* TASK BRIEF *
The output should contain the listing word for word and no pictures.

* DATA SECTION *
• • •

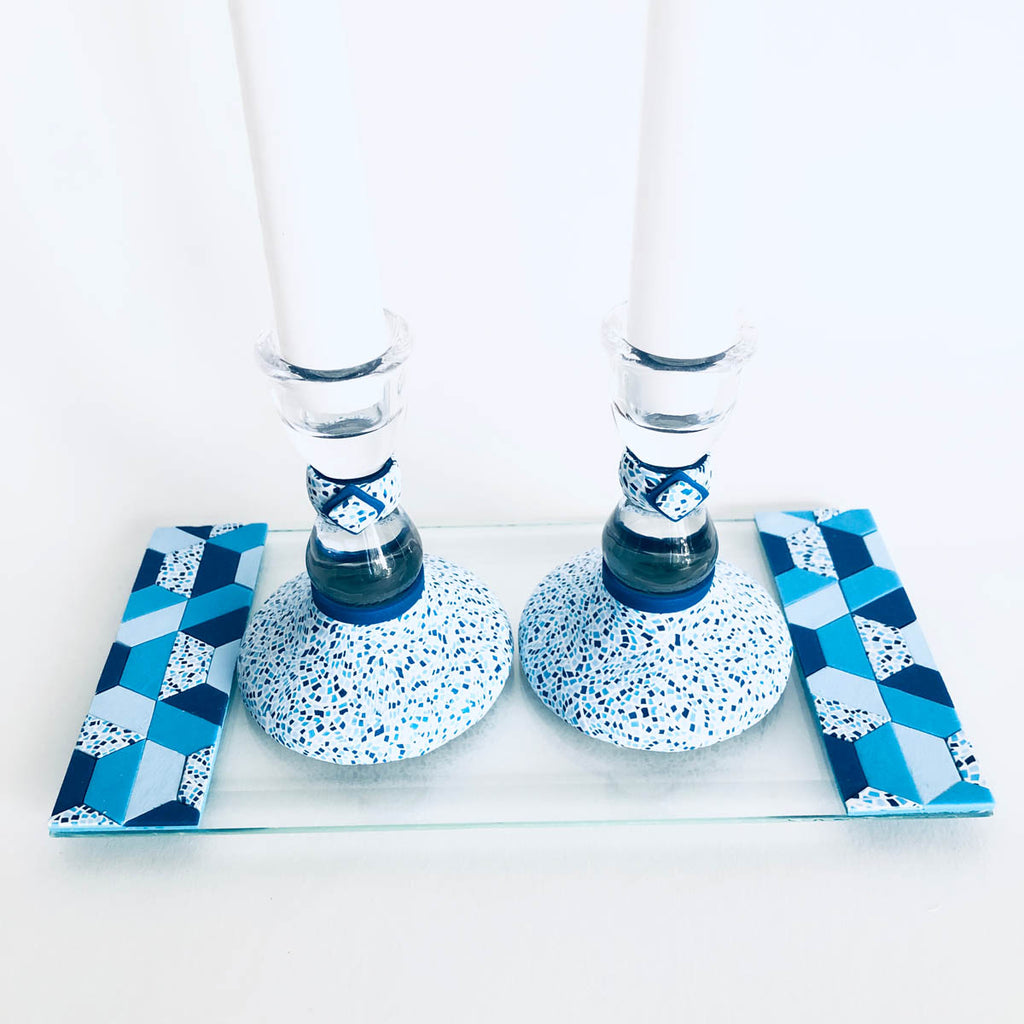 Shabbat Candlestick Holder & Matchbox, Handmade, Judaica, Personalized, Shabbat Candle holders, Blue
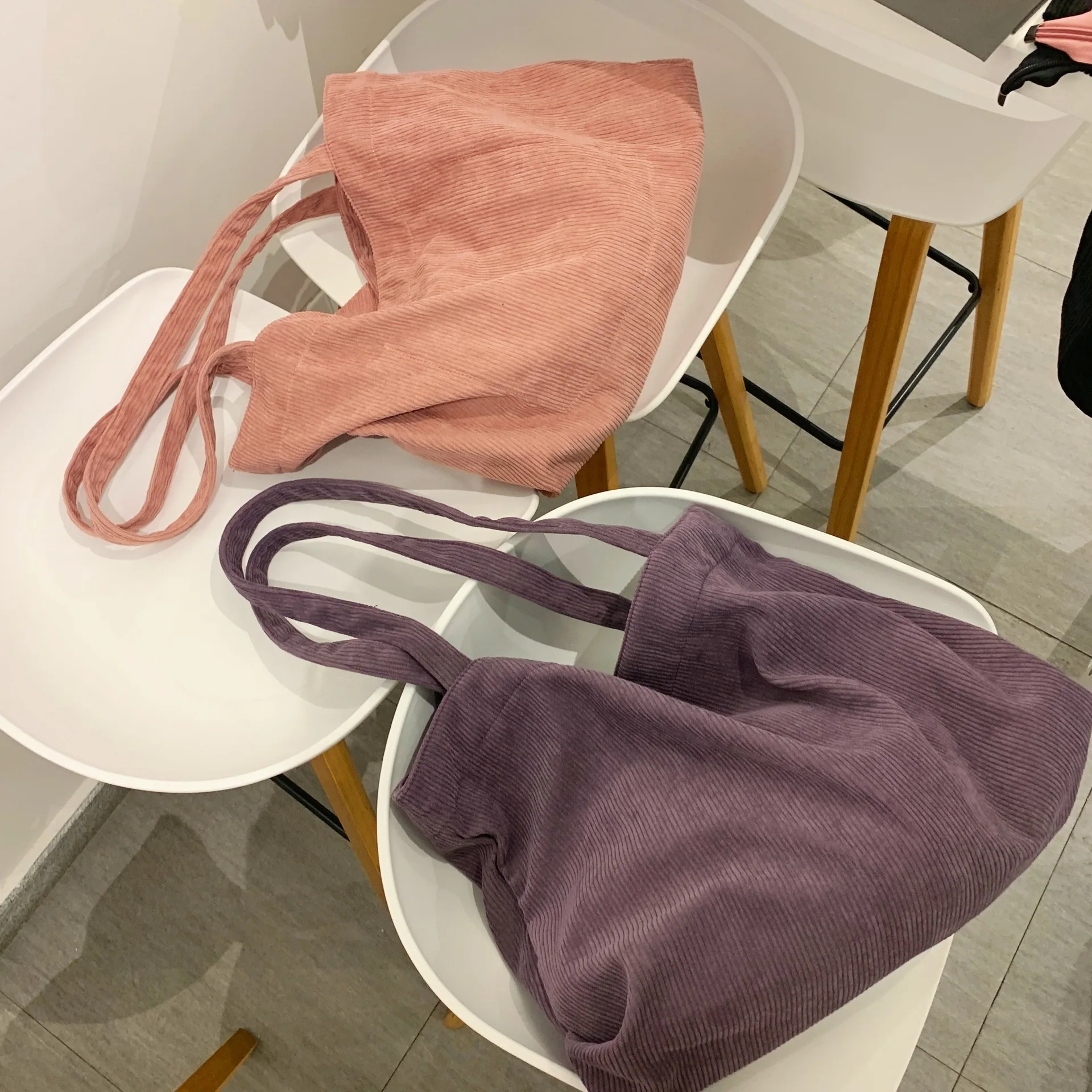 

Canvas Corduroy Shoppers Shoulder Tote Bag for Women 2021 Girls Purse Handbag Female Casual Wallets Large Capacity Schoolbag sac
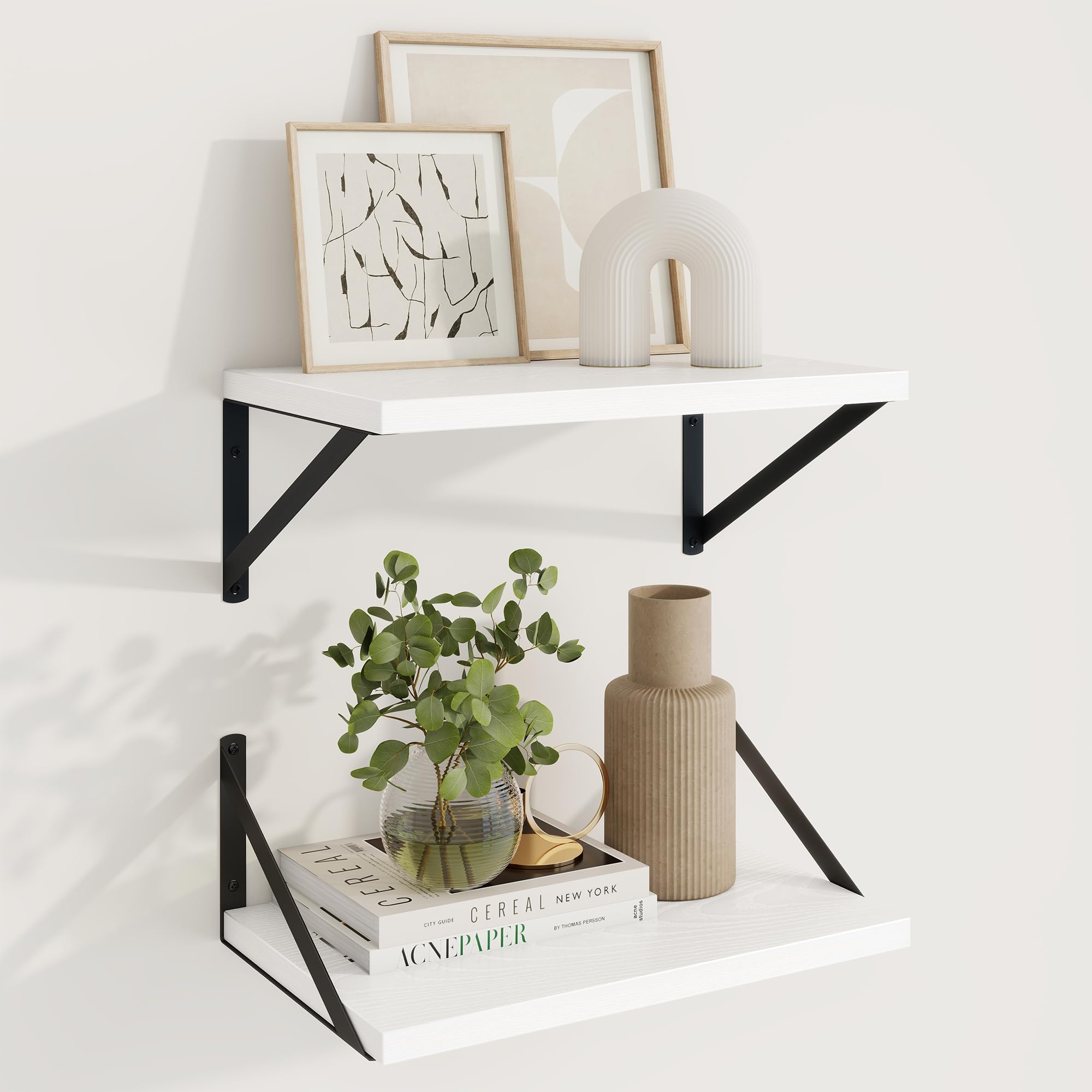 Amazon.com: Axeman Deep Floating Shelves | 16 Inch White Wall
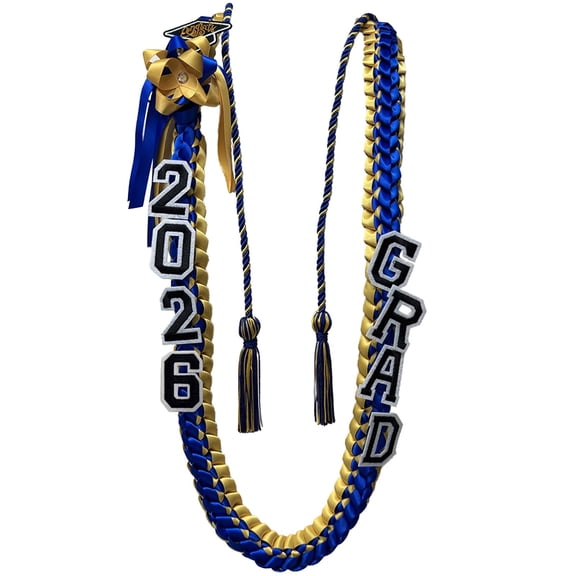 Class of 2026 Graduation Leis, Handmade Double Braided Ribbon Money Leis Graduation Necklaces Sashes,Durable Keepsake Leis for High School College Graduation Ceremony Party Gifts,blue & gold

• • •

* RESPONSE *
 Shabbat Candlestick Holder & Matchbox, Handmade, Judaica, Personalized, Shabbat Candle holders, Blue

Canvas Corduroy Shoppers Shoulder Tote Bag for Women 2021 Girls Purse Handbag Female Casual Wallets Large Capacity Schoolbag sac
 Amazon.com: Axeman Deep Floating Shelves | 16 Inch White Wall
 Class of 2026 Graduation Leis, Handmade Double Braided Ribbon Money Leis Graduation Necklaces Sashes,Durable Keepsake Leis for High School College Graduation Ceremony Party Gifts,blue & gold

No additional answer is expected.